Local-first SQL analytics on files. Read, profile, clean, and export data without a warehouse.

When to Use This Skill

Activate when: Reading local files (CSV, Parquet, JSON, Excel) into DuckDB, profiling data quality, running SQL analytics on local data, cleaning/transforming datasets, exporting results to various formats.

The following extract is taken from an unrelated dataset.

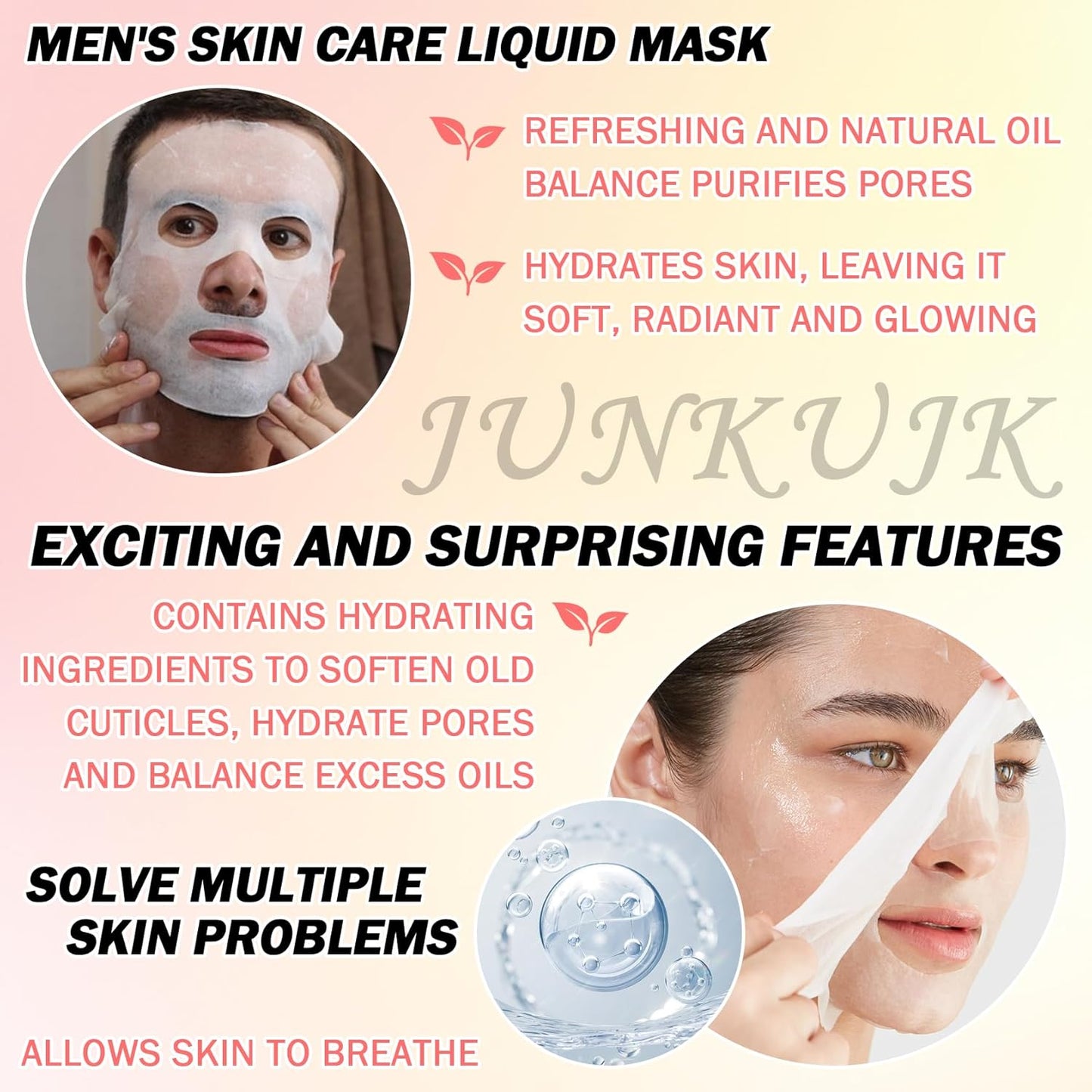 10PCS Hydrating Facial Sheet Mask,Moisturizing Face Masks Skincare Gift Set,Long Lasting Face Mask Skin Care & Facial Mask Kit for All Skin Types 24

Don't use for: Building dbt models (use dbt-transforms with DuckDB adapter), cloud warehouse administration, pipeline scheduling (use data-pipelines), Python DataFrame transformations (use python-data-engineering).

Scope Constraints

Local files only -- does not manage cloud warehouse connections or remote databases.
No cloud warehouse administration (Snowflake, BigQuery, Redshift).
Reference files loaded on demand -- do not pre-load multiple references.
File paths must be validated before use; never execute user-provided paths without checking existence.

Model Routing

reasoning_demand	preferred	acceptable	minimum
medium	Sonnet	Sonnet, Opus	Sonnet

Core Principles

Local-first -- Process data on the user's machine; no cloud credentials required.
SQL-native -- Use SQL for all transformations; avoid unnecessary Python wrappers.
Schema inference -- Let DuckDB auto-detect types; override only when inference fails.
Zero config -- Start with import duckdb or duckdb CLI; no server setup.
Format-agnostic -- Read CSV, Parquet, JSON, Excel through unified SQL interface.

Default Engine Positioning

DuckDB is the default analytical engine for this skill suite. Assume DuckDB unless told otherwise.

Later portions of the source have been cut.